Feel like you’re constantly tired? If your brain is always buzzing with work, or you’re just stressed out from the last year, you’re not in a good place. If you have no time to yourself between all your responsibilities, it’s even worse.
Here are nine lifestyle changes you can make to feel less tired: First, let’s find out more about why you’re always tired.
Why am I tired all the time?
There are a few things that can be blamed for preventing you from sleeping, aside from the exceptionally weird circumstances that could have kept you awake over the past year or so.
Oftentimes, we can identify a physical, psychological, or lifestyle cause for our fatigue when we feel particularly tired. The experts have identified the most common causes for this type of behavior.
1. You could be dehydrated
Without enough fluids, blood pressure decreases and oxygen delivery to the brain slows down, which can make you feel fatigued.
How do you know if you’re getting enough?
- If you’re still tired after sleeping 8 hours, you may need to up your H2O.
- The amount of fluid needed depends on the individual, but you should aim to go to the toilet at least three times a day.
- Between six and eight glasses of water-based drinks – including tea and coffee – a day are recommended.
2. It could be your thyroid
The thyroid is a gland that produces hormones to control sleepiness and hunger. When the thyroid is underactive, it is called hypothyroidism.
It’s common for people to oversleep, but it can be hard to identify the cause without a doctor’s help. If you are feeling tired even after getting a lot of sleep, you should schedule an appointment with your doctor to get a blood test.
3. You need to cut back on booze
Around 55% of people grab a drink of wine a few times a week to help them unwind after a tiring day. Although alcohol may make you feel relaxed at first, it can actually disrupt your sleep cycle and prevent you from getting deep sleep.

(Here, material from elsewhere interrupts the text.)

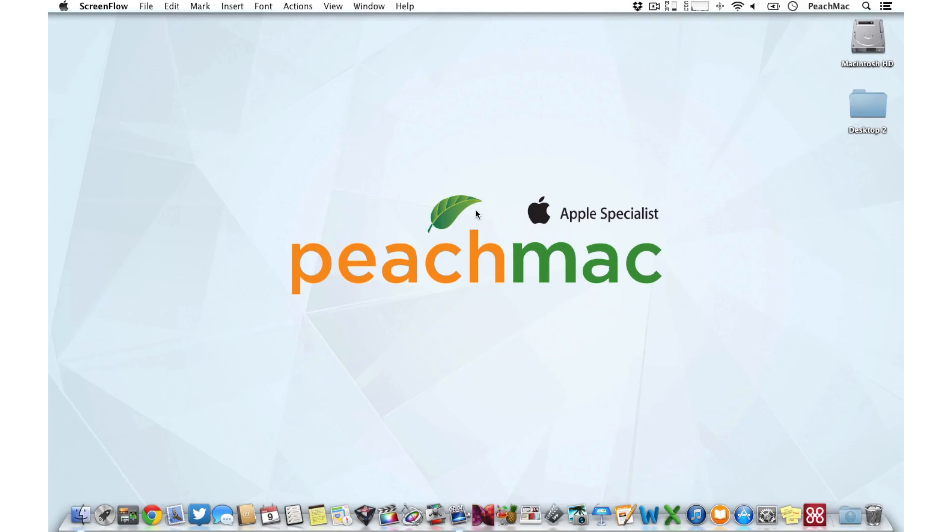Have you ever walked away from your computer only to find that the screen has gone dark after just a few minutes? The sleep feature on your Mac is designed to save power and lengthen the life of your computer. In this PeachBite we'll teach you how to customize your sleep settings to find a balance that's right for you.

4. You could have Sleep Apnea
Sleep apnea is a disorder in which people wake up as they stop breathing, anywhere from five times to hundreds of times per hour. This means that they sleep for a longer period of time, but the quality of their sleep is compromised. Although the disorder only affects a small portion of the population, many sufferers go undiagnosed.
The problem is that you cannot remember waking up, making it difficult to determine if you are in fact experiencing any pain. Sleep tracking apps, like Pillow, can use data to alert you to any irregularities in your breathing.
Sleep apnea is a disorder characterized by snoring, being overweight, and waking up with a headache due to a nocturnal lack of oxygen. Speak to your doctor if they sound familiar.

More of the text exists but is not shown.